(SOURCE DATA begins)

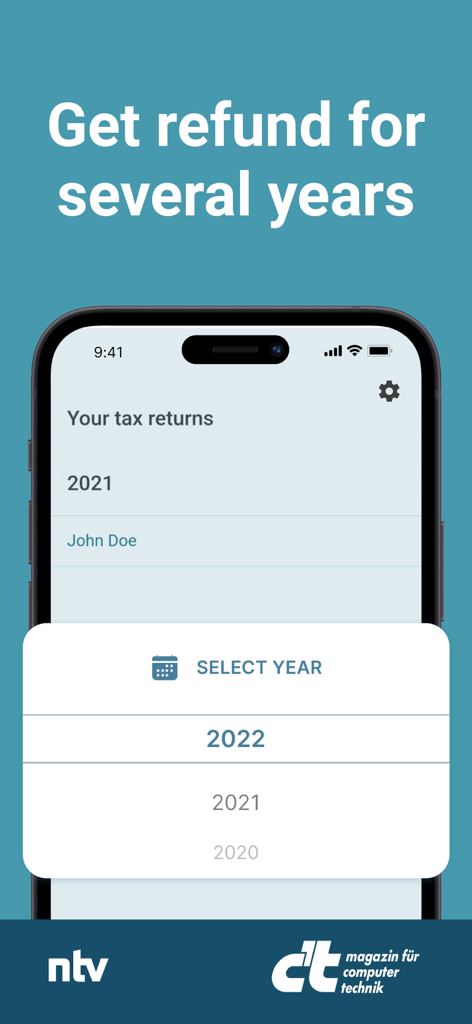 Tax Return Germany | Steuer Go - Pantalla del teléfono inteligente que muestra la interfaz de la aplicación SteuerGo para seleccionar años de declaración de impuestos para obtener un reembolso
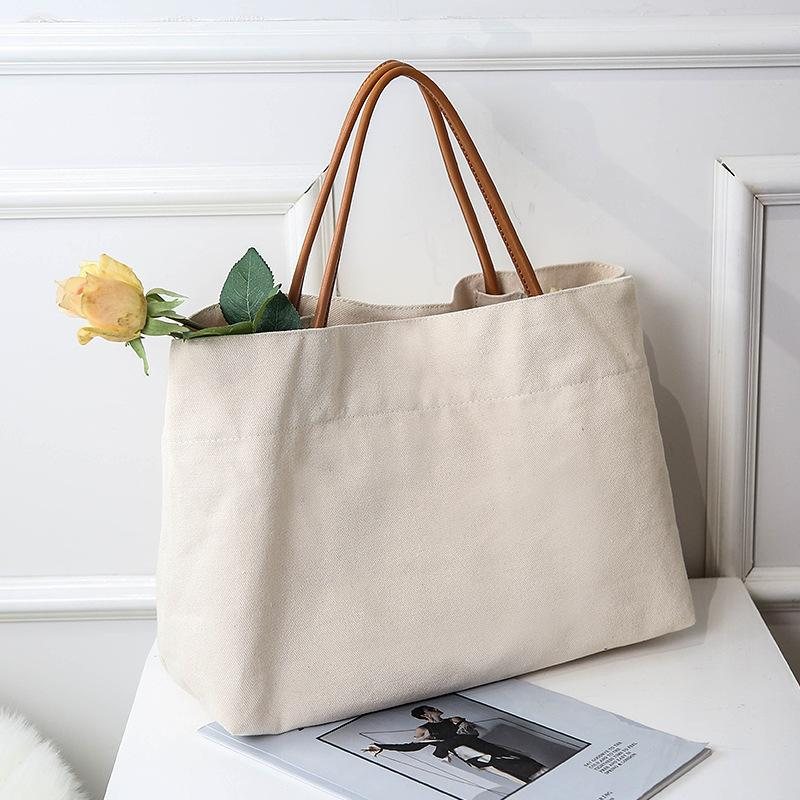 Lerret Stor Kapasitet Shopping Bag Tote Bag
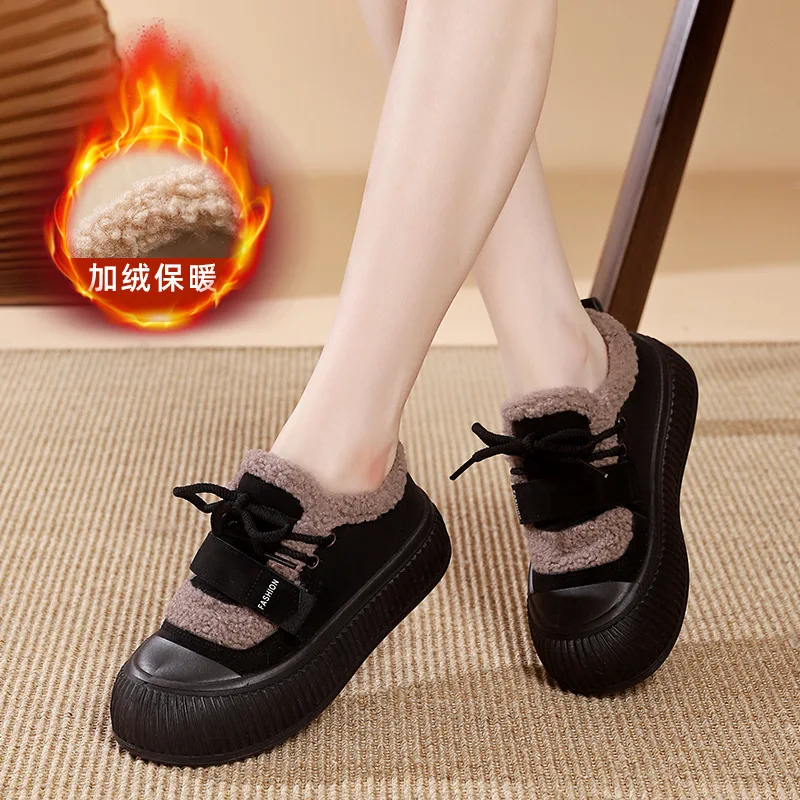 Women's Casual Shoes 2025 Winter New Warm Platform Shoes Outdoor Fashion All-match Sneakers Comfortable Low-top Vulcanized Shoes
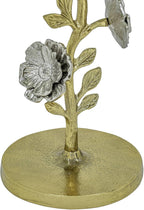 Flower Side Table with Glass Top | Decorative Sculptural End Table | Aluminum Base | Accent Table for Living Room | 16x16x23.75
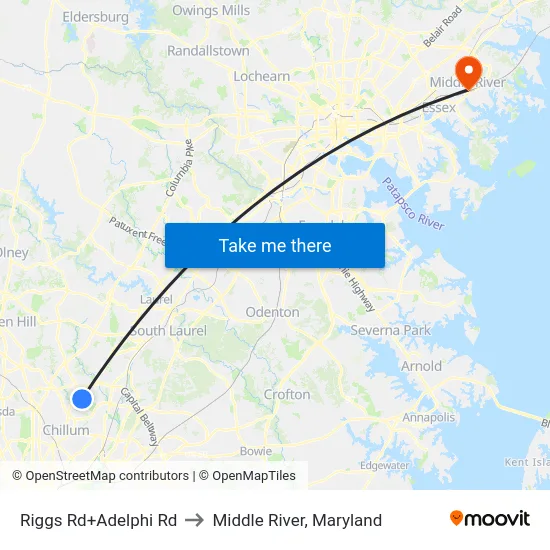 Riggs Rd+Adelphi Rd to Middle River, Maryland map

(SOURCE DATA ends)

◆ EXERCISE AIM
Lines from the one holding "Flower Side Table" to the end of the data, both ends included, are to be given again exactly; no pictures belong in the copy.

◆ RESPONSE BELOW
 Flower Side Table with Glass Top | Decorative Sculptural End Table | Aluminum Base | Accent Table for Living Room | 16x16x23.75
 Riggs Rd+Adelphi Rd to Middle River, Maryland map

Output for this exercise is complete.